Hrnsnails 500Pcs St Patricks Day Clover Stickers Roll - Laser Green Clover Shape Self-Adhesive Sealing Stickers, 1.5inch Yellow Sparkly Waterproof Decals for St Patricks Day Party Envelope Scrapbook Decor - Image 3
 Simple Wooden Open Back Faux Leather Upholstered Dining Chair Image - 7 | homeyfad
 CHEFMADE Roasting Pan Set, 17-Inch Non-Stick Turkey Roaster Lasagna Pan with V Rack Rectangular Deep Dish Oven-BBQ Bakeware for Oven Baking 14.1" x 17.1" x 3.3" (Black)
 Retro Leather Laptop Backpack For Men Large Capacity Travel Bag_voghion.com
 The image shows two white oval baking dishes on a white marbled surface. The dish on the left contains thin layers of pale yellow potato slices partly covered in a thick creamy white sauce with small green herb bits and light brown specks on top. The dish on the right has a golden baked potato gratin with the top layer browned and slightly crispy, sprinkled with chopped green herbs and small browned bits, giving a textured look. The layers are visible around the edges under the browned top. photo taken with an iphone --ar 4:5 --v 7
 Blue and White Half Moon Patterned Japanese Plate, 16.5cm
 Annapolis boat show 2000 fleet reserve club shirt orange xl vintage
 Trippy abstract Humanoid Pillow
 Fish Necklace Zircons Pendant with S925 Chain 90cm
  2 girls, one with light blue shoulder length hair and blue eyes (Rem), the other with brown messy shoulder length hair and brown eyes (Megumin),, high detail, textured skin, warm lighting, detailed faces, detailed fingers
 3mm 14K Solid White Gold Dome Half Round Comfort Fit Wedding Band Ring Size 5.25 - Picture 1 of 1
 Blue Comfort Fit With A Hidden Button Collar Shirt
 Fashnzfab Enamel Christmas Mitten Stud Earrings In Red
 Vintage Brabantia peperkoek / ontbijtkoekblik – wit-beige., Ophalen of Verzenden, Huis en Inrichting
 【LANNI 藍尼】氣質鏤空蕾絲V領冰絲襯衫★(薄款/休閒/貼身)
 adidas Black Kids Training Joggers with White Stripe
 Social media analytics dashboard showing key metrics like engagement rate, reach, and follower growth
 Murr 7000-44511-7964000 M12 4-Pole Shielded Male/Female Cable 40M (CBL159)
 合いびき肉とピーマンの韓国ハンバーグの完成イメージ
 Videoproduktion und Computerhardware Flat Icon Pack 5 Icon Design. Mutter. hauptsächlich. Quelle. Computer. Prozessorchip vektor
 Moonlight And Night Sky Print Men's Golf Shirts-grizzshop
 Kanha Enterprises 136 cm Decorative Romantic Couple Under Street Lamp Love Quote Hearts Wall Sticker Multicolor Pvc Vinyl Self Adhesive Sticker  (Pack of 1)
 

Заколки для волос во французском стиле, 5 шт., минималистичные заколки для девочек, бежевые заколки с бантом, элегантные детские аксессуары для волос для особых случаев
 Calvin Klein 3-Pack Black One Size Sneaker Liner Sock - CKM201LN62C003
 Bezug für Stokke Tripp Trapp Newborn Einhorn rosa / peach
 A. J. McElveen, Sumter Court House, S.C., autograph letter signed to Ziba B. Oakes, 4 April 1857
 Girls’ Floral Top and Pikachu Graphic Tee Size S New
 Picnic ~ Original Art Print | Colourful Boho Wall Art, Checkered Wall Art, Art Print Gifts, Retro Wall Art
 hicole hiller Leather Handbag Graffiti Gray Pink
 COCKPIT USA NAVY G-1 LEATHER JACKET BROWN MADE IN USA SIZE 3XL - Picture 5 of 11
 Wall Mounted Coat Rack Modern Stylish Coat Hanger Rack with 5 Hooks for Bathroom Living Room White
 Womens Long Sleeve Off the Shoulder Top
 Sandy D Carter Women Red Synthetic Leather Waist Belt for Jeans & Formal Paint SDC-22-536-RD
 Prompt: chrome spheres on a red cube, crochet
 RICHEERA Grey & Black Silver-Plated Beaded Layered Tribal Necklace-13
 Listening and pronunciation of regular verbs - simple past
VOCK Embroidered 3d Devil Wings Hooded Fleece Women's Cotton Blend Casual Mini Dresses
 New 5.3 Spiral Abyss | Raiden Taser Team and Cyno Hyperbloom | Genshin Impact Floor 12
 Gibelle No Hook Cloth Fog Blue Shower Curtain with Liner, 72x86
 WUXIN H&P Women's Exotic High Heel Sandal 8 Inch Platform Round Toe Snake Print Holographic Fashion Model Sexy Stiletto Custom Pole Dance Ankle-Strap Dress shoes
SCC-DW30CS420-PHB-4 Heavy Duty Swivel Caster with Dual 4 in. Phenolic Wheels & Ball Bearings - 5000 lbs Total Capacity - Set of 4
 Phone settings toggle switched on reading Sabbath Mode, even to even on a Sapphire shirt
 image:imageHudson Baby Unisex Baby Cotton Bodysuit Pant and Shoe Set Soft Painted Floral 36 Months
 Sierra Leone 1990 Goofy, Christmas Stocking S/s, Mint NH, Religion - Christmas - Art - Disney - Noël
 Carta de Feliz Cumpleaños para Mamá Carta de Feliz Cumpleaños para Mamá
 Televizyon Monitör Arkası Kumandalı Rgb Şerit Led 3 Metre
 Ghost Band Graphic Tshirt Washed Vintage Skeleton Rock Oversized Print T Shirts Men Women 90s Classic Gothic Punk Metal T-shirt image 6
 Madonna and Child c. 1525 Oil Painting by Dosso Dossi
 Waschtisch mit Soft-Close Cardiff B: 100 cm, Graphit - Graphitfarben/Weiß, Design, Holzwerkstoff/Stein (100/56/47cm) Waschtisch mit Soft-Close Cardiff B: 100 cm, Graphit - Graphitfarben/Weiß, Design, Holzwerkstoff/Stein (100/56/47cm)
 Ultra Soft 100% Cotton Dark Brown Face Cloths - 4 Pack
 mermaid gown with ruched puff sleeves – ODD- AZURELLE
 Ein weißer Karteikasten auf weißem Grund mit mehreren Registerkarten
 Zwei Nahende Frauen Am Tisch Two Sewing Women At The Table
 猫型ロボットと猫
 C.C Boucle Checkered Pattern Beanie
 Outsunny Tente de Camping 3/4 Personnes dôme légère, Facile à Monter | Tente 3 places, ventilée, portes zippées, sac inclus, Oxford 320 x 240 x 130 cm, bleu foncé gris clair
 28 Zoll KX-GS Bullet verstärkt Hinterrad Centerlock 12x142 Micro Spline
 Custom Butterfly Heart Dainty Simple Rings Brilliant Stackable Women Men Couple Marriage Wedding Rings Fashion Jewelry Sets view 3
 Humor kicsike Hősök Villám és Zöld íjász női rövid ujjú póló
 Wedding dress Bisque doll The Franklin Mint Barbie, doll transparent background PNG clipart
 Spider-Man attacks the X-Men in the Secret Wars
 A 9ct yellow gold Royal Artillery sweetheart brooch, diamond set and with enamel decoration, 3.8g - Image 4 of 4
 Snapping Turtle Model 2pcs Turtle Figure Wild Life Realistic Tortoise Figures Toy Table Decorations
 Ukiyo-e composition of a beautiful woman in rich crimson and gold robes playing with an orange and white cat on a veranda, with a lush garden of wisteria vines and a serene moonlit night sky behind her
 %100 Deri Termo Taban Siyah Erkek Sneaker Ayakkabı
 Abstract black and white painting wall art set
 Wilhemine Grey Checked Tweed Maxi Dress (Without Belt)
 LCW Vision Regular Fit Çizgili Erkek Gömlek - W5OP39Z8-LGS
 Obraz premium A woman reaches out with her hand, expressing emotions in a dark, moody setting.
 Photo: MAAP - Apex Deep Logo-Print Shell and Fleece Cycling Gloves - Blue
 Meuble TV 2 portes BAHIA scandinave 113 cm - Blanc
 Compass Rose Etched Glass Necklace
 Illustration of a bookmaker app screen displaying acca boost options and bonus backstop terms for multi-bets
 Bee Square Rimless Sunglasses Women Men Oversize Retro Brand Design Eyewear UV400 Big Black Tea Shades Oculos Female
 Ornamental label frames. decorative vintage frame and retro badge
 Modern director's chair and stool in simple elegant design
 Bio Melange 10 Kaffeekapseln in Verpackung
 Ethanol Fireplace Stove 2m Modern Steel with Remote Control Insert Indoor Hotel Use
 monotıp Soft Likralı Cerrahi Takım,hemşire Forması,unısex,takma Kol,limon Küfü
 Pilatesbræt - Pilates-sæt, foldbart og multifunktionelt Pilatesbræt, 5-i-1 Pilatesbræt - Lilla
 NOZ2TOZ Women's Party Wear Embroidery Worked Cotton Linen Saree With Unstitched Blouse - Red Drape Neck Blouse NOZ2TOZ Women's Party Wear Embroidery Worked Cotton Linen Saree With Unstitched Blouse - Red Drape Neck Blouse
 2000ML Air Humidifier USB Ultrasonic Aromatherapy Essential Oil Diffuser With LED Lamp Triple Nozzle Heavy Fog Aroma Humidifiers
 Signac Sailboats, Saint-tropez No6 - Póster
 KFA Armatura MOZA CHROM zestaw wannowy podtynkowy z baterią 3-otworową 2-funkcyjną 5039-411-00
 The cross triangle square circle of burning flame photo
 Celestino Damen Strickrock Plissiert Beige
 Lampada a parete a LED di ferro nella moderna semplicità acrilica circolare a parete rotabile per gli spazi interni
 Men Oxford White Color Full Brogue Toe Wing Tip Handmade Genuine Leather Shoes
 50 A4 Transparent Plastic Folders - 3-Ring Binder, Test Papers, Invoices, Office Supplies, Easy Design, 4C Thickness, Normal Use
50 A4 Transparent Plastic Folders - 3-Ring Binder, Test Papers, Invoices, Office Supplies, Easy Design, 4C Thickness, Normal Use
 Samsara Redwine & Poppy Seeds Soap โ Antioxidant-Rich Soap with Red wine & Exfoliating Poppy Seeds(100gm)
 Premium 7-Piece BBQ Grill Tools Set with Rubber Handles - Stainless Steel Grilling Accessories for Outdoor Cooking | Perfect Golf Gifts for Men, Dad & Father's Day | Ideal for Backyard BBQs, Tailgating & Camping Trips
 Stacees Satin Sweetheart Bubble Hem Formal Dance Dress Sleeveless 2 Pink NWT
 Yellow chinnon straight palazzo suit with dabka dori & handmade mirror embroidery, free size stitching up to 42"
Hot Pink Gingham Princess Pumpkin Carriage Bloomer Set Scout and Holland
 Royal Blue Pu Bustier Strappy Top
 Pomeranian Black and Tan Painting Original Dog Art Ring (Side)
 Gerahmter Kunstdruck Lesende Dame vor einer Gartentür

______________________________

About this task. Which lines above run from the one containing "The image shows" down to the one containing "Fish Necklace Zircons"? Repeat exactly those, both ends included, and nothing else.

Answer section.
 The image shows two white oval baking dishes on a white marbled surface. The dish on the left contains thin layers of pale yellow potato slices partly covered in a thick creamy white sauce with small green herb bits and light brown specks on top. The dish on the right has a golden baked potato gratin with the top layer browned and slightly crispy, sprinkled with chopped green herbs and small browned bits, giving a textured look. The layers are visible around the edges under the browned top. photo taken with an iphone --ar 4:5 --v 7
 Blue and White Half Moon Patterned Japanese Plate, 16.5cm
 Annapolis boat show 2000 fleet reserve club shirt orange xl vintage
 Trippy abstract Humanoid Pillow
 Fish Necklace Zircons Pendant with S925 Chain 90cm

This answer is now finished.